# EXERCISE DETAILS:
Only the lines below from the one with "Worthington Isola Womens" through the one with "Recenzja gry Seven: The" are to be written out, exactly and without any images.

# DATASET CONTENT:

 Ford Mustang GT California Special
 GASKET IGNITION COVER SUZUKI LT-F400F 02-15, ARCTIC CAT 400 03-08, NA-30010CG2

==

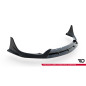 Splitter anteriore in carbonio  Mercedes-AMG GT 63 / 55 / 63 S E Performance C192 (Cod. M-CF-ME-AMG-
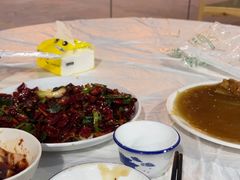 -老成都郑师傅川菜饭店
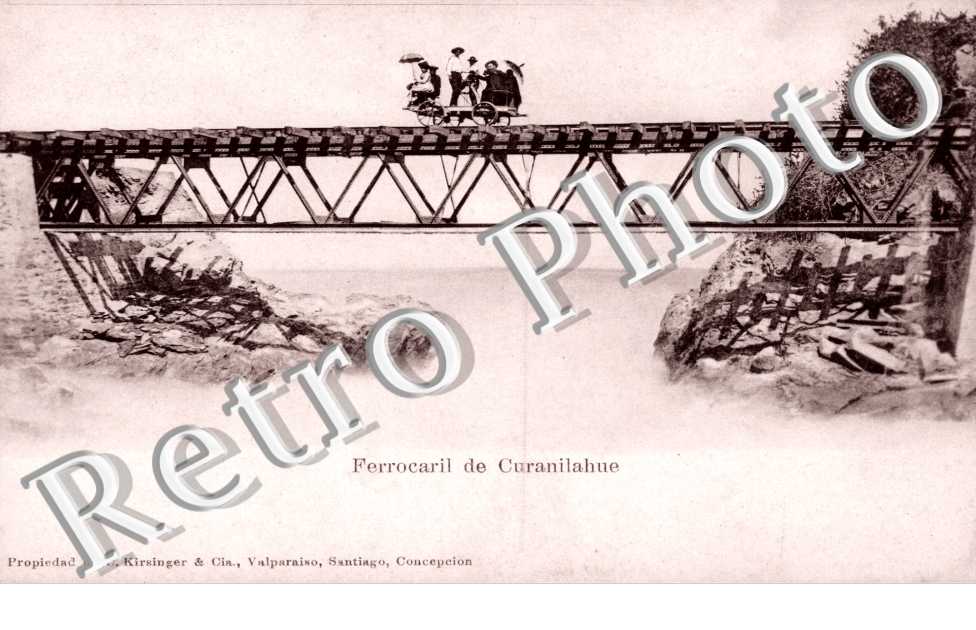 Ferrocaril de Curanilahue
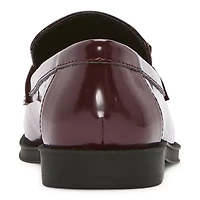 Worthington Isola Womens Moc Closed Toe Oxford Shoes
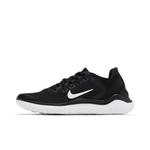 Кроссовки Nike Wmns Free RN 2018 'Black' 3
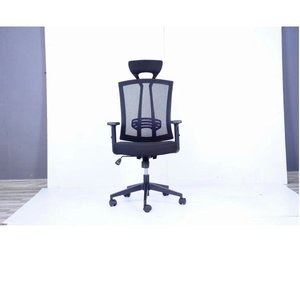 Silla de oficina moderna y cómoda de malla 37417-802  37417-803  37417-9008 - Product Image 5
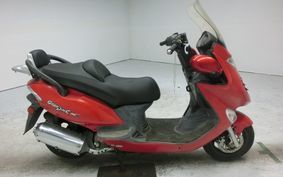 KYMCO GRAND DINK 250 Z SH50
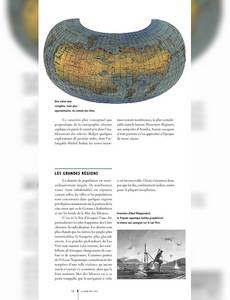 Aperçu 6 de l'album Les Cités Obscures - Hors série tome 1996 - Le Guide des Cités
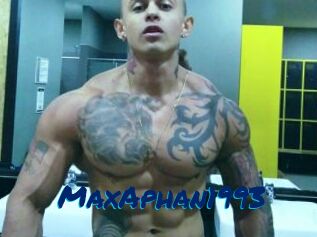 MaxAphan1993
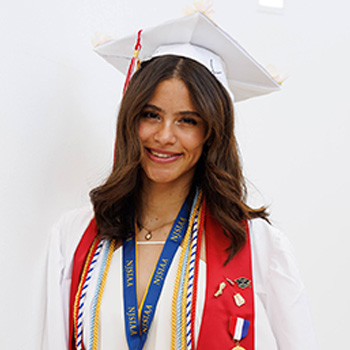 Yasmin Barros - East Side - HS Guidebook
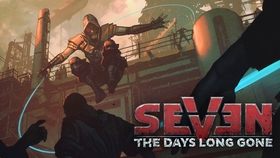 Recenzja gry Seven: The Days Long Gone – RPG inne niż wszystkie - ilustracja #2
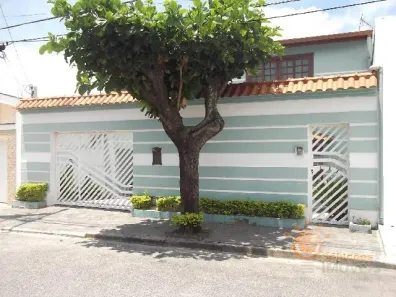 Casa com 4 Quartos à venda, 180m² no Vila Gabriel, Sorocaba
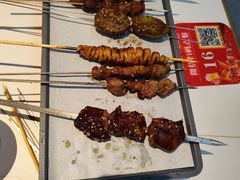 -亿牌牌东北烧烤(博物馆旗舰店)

# SOLUTION BELOW:
 Worthington Isola Womens Moc Closed Toe Oxford Shoes
 Кроссовки Nike Wmns Free RN 2018 'Black' 3
 Silla de oficina moderna y cómoda de malla 37417-802  37417-803  37417-9008 - Product Image 5
 KYMCO GRAND DINK 250 Z SH50
 Aperçu 6 de l'album Les Cités Obscures - Hors série tome 1996 - Le Guide des Cités
 MaxAphan1993
 Yasmin Barros - East Side - HS Guidebook
 Recenzja gry Seven: The Days Long Gone – RPG inne niż wszystkie - ilustracja #2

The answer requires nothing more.